- The Washington Times - Thursday, January 15, 2015

When David Poile telephoned Barry Trotz on Wednesday afternoon, he was hoping to finalize some of the details of Trotz’s upcoming visit to Nashville.

As typically happens in conversations among friends, however, the subject matter drifted. Trotz, the Washington Capitals’ first-year coach, expressed excitement about returning to the place he called home for the better part of two decades. Poile, the Predators’ general manager, wanted to ensure his protégé’s team would be comfortable when it arrived Thursday afternoon.
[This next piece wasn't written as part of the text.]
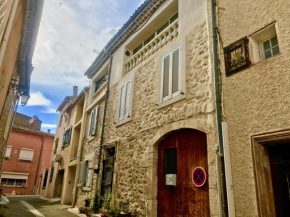 Appartement provençal spacieux avec terrasse proche des Gorges du Verdon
Then, something peculiar happened. Poile shared with Trotz that Pekka Rinne, one of the league’s best goaltenders this season, “will probably be out for a couple weeks” after injuring a knee the previous night — a diagnosis that hadn’t yet been announced by the team.

Such are the details entrusted between the two men, whose friendship transcends three decades but could have veered sharply after they parted ways last spring. As it turns out, it was for the best: Nashville has 62 points and the best winning percentage in the league, while Washington has won 14 of its last 19 games and picked up a point in all but one.

The past and the present will collide on Friday, when the Capitals face the Predators for the first time this season. Trotz and Poile each expect a packed arena and a “ramped-up” atmosphere, owing partially to the teams’ successes but also the emotions the returns of Trotz and assistant coaches Lane Lambert and Mitch Korn will stir.

“I’m glad David made the move,” Trotz said. “Not necessarily because you’re leaving your family and all that, but it was time. It was time for a new face in Nashville and something of a new challenge for myself as well.”

Poile and Trotz first met in 1982, when Trotz had just wrapped up his career in junior hockey and was trying to earn a spot in the Capitals’ organization. Poile was then the team’s general manager, and intrigued by Trotz’s knowledge of the sport, he would later hire Trotz as a scout, then as an assistant coach for Washington’s minor-league team in Baltimore.

When Poile took over as the general manager in Nashville in 1997, he persuaded Trotz to join him as the team’s coach. Trotz initially thought the club would languish for a few years before moving elsewhere, but together, the two helped build it into a respectable organization.

Trotz guided the Predators to the postseason for the first time in 2004, the franchise’s sixth season, and helped them remain a steady presence in the Western Conference for the better part of the next decade.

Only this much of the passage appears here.